The title Out of Circulation carries a layered meaning, both as a reflection of the physical body and as a nod to my job in the circulation department at a library. In this context, the theme of "circulation" also speaks to the physicality of my daily work. In my role at the library, I’ve come to appreciate how circulation—whether it’s books or people—can be a metaphor for the ever-moving dance of existence, the act of constantly redistributing, reordering, and reconnecting.

I’ve met many new people through my work—some in passing, and others that I’ve built meaningful connections. The image of "circulating" also applies to these relationships: they are like books passing from hand to hand, knowledge being shared, and emotional support being exchanged. In this sense, the library has been a place of personal restoration, a space where, much like the organs in the installation, parts of me have been gently put back together by the kindness of others. This portrait is one of emotional reconstruction, yet also of the resilience that emerges when we face change.

HOLDING

Bound in chromatic constellation, plays a surreal symphony of intertwining hands that hold. 

The piece “Holding” is an analog video installation made of a sewn, green, handlike, figure holding up a small CRT TV that displays “Hand and Hand,” a colorful animated film.

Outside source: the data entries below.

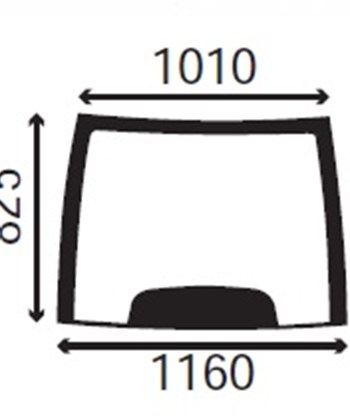 Ανταλλακτικό κρύσταλλο εμπρόσθιο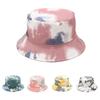 Double-sided Wearing Cap Rainbow Color Bucket Hat Men Women Sun  Reversible Fisherman  Summer Panama   Fishing Gorro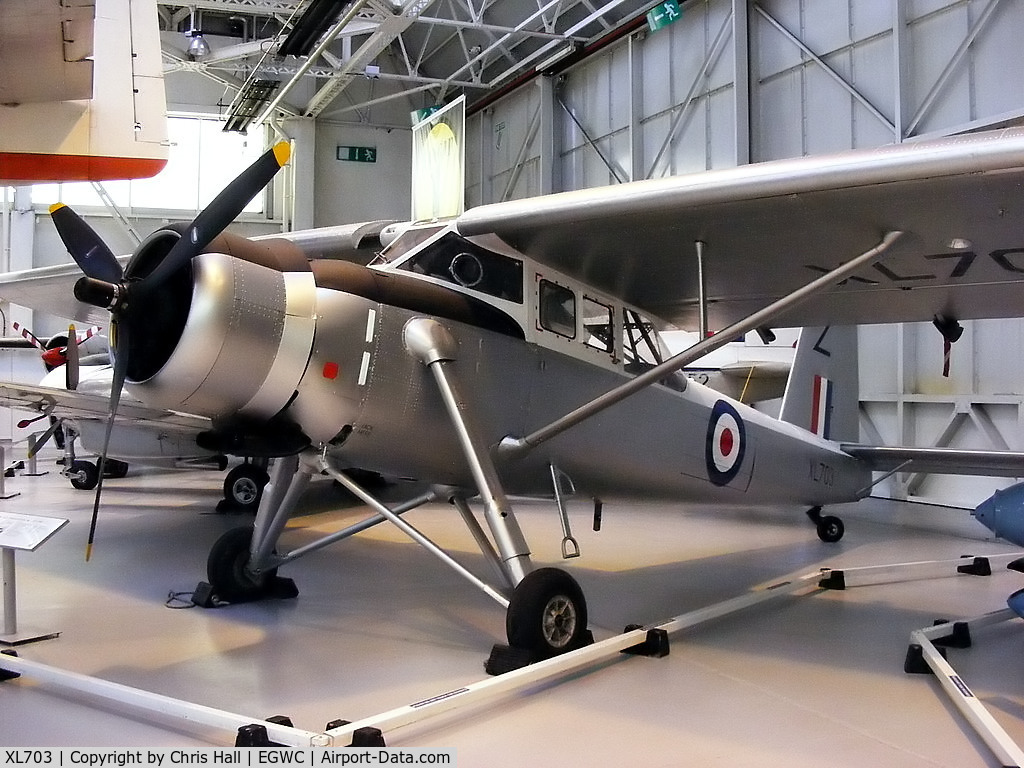 XL703, Scottish Aviation Pioneer CC.1 C/N 143, The last Pioneers were withdrawn in 1969, after being used by 'C' Flight of No.20 Squadron in Singapore to guide their Hunters onto ground targets. This aircraft is the only surviving example of the type.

Exhibited at The Ann Arbor Art Center, as a part of the Off the Screen Installations for the Ann Arbor Film Festival, 2025

Hand and Hand

The film “Hand and Hand” is a looping experimental narrative film that explores analog wistful sentiment alongside an underlying theme of palingenesis.

I’M HUNGRY

CRT TV Analog Video Installation made up of two looping animated films that explore the cycle of the ingestion of media, and how this impacts development and imagination.

Installed at:

Ann Arbor Art Center, as a part of the Off the Screen Installations for the Ann Arbor Film Festival, 2025

The Gutman Gallery as a part of the Food For Thought Exhibition, in Ann Arbor MI, 2023

EVERYTHING LOOSE ALL THE TIME

Everything Loose All the Time is an exploratory reinvention of relationships formed through the creative "birthing" process. Anneta, the pregnant spider, will be guided by her garnered community of bugs toward a miraculous birth.

Performed in the Detroit Puppet Slam under the Detroit Puppet Company at Planet Ant Theater, 2022

COUNTING COWS

This piece is a retelling of the night through a child’s eyes, while exploring themes of wonder, imagination, development, and fright. The Jail Cell space resembles an interpretation of a childlike bedroom that incorporates two analog video pieces.

Video and Art Installation, Exhibited in the Jail Cell at Hatch Art Gallery in Hamtramck MI, 2021

Dream Simulation

Multimedia piece utilizing analog film to mimic the different sensations you may encounter during your sleep.

AWAKE

Analog animation piece utilizing stop motion shapes with overlaying footage of shadows.

YEllow Room

This piece is exploring the hands on process of utilizing dead media technologies for the purpose of making experimental video. This includes older-analog techniques of making film that introduce the physical exercise of tactile operating procedures.

“Yellow Room” is a video and art installation that was exhibited in the stairwell at College for Creative Studies for my Senior Independent Study in 2021.